**BRIEF:**
Which lines have the string "Garden"? Copy all of them from the entries below.
>>>>
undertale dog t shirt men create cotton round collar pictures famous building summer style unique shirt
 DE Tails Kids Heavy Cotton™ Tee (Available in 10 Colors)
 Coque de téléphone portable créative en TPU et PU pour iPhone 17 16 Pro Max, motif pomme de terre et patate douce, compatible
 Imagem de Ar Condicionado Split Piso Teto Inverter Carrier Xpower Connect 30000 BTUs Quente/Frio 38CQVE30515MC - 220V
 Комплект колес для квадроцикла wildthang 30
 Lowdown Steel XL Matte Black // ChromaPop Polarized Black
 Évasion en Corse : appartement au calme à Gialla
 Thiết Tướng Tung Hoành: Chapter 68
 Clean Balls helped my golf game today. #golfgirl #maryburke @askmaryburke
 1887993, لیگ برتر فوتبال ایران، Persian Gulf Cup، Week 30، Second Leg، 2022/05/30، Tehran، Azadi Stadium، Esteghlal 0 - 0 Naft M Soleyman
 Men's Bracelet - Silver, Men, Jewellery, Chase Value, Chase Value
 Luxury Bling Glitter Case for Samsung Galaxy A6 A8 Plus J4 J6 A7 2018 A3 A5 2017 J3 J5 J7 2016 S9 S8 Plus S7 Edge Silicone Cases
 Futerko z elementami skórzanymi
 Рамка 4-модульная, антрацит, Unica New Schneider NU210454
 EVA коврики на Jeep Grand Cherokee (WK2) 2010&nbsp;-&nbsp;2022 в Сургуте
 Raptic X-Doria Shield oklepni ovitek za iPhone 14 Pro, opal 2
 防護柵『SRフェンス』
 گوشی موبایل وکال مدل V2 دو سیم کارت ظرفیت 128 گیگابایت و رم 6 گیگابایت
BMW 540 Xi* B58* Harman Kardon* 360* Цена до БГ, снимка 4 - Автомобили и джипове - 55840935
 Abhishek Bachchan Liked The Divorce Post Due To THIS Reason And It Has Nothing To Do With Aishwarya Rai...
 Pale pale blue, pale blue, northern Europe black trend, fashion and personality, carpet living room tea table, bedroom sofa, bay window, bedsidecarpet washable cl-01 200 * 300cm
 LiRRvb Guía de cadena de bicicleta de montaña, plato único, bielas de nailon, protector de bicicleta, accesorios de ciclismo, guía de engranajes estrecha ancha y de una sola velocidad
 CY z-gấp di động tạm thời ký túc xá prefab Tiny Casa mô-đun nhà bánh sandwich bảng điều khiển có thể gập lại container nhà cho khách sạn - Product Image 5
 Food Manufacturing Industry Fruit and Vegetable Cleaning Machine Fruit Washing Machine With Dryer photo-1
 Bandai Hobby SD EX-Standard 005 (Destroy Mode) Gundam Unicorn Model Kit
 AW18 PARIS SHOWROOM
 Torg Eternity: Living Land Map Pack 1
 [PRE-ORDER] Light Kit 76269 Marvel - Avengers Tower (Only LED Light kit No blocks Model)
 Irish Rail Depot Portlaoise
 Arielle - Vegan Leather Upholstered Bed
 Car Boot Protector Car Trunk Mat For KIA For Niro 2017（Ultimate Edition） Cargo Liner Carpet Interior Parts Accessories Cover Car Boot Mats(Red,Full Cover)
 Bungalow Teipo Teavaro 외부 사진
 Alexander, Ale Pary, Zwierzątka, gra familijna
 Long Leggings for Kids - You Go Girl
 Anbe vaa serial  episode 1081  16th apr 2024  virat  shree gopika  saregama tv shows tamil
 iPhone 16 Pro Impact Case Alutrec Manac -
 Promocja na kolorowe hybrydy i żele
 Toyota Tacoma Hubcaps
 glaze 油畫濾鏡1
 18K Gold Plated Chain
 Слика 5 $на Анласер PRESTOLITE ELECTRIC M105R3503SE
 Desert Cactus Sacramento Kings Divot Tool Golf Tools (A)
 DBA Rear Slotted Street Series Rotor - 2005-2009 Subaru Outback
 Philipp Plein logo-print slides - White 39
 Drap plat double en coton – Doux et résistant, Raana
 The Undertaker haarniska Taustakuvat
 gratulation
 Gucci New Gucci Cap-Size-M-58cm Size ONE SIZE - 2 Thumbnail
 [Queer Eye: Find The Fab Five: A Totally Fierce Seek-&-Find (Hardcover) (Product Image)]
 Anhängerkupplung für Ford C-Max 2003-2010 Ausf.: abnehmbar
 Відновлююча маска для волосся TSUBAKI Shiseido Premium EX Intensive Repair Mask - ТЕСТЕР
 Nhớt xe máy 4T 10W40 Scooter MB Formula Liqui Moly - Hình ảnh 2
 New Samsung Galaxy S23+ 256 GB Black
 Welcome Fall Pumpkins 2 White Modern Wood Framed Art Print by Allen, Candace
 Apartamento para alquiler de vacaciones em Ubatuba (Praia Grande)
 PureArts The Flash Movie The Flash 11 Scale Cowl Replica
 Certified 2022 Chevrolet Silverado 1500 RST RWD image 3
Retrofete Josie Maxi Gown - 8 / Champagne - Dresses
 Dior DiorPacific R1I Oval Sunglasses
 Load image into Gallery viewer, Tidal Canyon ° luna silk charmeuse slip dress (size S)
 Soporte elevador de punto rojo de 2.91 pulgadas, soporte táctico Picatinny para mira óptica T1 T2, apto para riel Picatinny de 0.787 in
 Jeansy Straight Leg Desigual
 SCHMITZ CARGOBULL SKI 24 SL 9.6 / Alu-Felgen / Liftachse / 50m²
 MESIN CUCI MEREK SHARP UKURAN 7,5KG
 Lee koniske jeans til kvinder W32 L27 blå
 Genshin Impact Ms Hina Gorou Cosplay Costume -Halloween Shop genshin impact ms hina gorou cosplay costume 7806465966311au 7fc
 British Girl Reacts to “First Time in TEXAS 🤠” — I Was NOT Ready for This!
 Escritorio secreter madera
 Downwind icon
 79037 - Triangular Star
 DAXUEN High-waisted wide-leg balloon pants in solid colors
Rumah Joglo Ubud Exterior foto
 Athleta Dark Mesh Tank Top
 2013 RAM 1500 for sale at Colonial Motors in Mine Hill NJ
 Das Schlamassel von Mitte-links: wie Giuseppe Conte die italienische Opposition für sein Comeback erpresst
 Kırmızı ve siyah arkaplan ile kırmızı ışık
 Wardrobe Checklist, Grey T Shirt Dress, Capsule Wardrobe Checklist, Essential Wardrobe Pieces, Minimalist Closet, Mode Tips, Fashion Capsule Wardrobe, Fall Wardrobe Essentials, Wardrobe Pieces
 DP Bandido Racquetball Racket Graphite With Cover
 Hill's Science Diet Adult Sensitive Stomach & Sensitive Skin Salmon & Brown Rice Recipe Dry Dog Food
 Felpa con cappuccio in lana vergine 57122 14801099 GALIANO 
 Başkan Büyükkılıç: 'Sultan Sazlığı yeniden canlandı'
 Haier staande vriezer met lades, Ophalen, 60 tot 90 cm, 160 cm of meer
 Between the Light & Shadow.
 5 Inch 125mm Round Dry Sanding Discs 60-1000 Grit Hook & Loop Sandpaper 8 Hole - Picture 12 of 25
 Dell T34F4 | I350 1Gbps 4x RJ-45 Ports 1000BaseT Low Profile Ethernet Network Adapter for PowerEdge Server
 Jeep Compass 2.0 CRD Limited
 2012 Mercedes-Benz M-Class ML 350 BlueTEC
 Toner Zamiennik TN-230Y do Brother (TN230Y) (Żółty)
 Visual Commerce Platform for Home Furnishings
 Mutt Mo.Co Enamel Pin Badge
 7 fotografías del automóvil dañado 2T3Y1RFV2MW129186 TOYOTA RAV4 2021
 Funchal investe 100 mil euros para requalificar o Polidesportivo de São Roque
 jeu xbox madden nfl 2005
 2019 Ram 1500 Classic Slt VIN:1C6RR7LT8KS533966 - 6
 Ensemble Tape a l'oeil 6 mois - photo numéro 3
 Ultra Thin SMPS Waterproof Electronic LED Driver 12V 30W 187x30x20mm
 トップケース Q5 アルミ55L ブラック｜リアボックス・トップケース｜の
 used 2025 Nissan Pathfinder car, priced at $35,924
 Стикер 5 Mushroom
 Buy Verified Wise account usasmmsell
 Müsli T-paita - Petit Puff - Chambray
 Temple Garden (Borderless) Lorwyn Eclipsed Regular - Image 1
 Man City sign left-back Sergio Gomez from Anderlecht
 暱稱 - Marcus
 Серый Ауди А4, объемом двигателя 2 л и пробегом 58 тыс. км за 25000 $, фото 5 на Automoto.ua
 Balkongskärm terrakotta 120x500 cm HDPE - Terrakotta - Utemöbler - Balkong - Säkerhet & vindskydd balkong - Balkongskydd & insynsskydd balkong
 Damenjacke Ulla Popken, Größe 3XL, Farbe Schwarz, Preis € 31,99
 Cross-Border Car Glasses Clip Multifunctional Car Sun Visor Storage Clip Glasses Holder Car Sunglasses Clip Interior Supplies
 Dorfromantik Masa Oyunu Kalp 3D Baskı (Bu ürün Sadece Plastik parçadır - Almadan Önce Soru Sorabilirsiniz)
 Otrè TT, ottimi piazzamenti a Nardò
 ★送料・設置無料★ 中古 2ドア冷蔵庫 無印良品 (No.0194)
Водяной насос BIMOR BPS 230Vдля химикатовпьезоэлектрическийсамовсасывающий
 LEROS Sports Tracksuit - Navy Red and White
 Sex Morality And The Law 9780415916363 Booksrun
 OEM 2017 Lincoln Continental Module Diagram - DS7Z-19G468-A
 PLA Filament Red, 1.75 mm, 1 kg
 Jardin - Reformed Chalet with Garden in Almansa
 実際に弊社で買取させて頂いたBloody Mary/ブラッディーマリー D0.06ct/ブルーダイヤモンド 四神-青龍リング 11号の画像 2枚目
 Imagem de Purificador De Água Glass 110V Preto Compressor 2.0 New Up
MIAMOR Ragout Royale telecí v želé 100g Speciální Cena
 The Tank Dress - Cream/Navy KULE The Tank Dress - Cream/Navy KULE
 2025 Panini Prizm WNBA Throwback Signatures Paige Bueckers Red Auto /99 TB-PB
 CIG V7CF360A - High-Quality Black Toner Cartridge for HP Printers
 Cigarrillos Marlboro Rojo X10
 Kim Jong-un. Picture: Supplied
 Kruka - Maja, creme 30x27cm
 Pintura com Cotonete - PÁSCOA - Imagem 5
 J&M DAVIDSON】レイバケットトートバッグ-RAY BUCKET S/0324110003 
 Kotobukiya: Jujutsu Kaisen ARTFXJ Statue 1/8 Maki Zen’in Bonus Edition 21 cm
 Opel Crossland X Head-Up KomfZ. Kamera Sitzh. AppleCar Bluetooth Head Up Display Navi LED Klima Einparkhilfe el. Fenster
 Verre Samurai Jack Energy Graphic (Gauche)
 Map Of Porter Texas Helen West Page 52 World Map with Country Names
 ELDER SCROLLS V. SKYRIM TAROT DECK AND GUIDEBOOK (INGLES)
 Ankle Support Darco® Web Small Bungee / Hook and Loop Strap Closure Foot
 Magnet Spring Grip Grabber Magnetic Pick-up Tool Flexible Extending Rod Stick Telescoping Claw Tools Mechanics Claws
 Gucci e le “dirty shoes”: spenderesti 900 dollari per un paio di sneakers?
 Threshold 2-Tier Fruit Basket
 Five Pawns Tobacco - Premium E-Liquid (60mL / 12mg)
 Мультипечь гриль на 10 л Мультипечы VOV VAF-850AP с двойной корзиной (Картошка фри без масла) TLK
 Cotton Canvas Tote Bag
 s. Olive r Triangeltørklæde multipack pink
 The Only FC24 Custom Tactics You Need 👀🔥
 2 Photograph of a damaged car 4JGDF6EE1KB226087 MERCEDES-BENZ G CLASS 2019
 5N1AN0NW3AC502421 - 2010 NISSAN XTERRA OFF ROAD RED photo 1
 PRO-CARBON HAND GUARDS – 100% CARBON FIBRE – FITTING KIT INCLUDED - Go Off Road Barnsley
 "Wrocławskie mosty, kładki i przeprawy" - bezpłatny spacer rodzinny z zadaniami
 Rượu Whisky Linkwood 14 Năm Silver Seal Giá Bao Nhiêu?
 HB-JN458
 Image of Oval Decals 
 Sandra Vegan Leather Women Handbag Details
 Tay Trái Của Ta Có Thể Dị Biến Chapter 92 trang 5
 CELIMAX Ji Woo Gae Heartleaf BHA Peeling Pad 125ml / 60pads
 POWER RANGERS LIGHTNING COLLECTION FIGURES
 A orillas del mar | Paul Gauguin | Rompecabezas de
<<<<
**REPLY TO THE EXERCISE:**
 Temple Garden (Borderless) Lorwyn Eclipsed Regular - Image 1
 Jardin - Reformed Chalet with Garden in Almansa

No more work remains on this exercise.